» Collected material
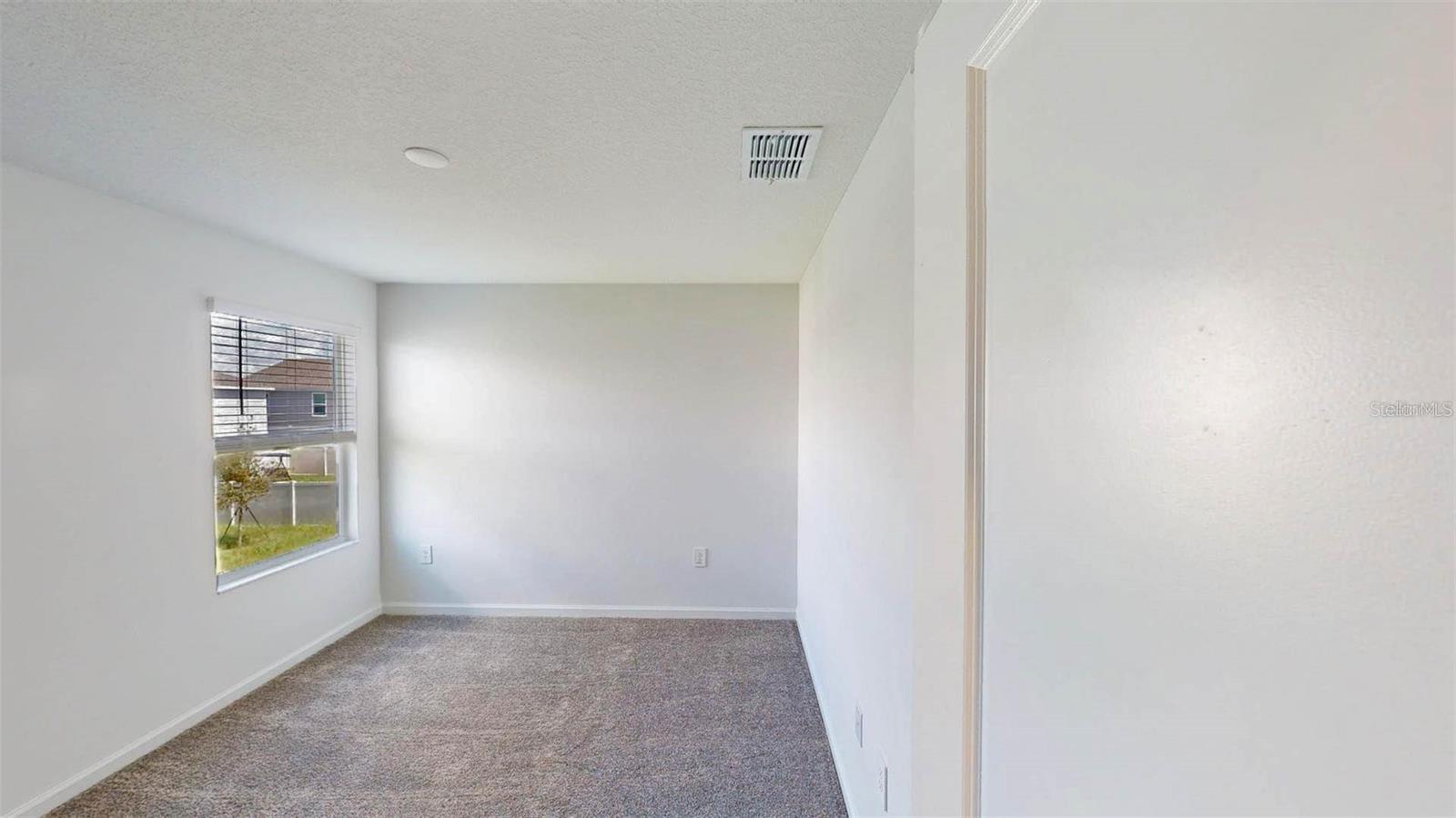 Image 18 of 32 For 1618 Reservoir Place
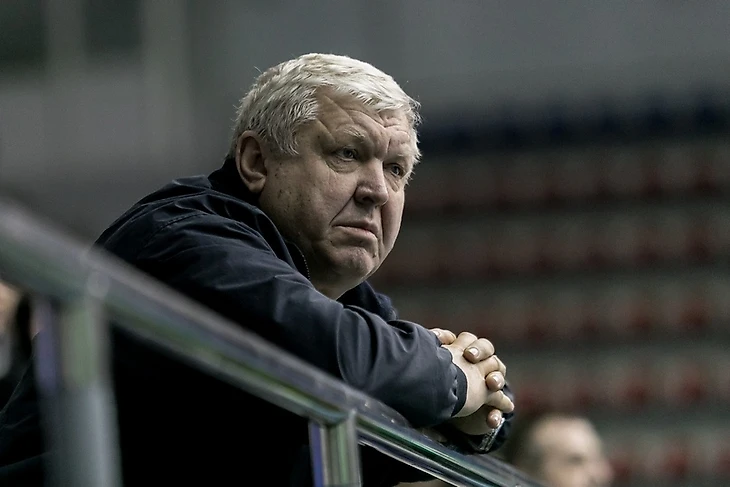 ЧЕ-2020. Евгений Трефилов: "Прыжки исландцев видели? Метр девяносто, а колени на уровне глаз", изображение №1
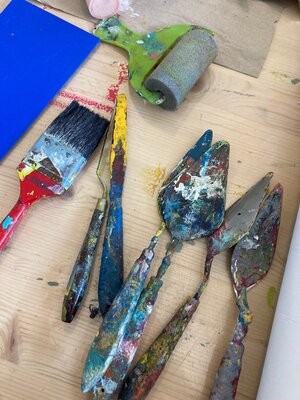 Delphine Bernard in the Studio: knives, knives, knives...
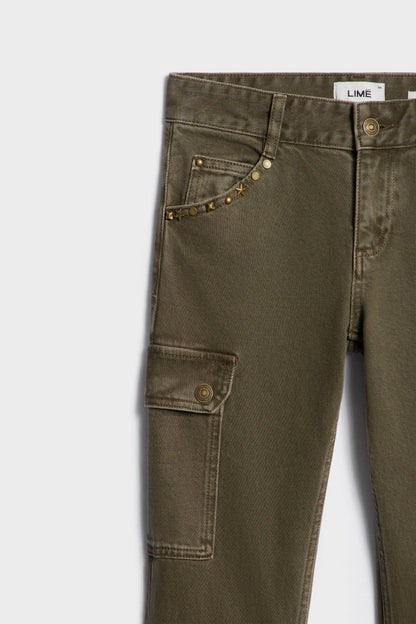 KHAKI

» Work order
Where the line with "Delphine Bernard in" appears, begin there and transcribe exactly through the last line of the data, leaving all pictures aside.

» Answer space
 Delphine Bernard in the Studio: knives, knives, knives...
 KHAKI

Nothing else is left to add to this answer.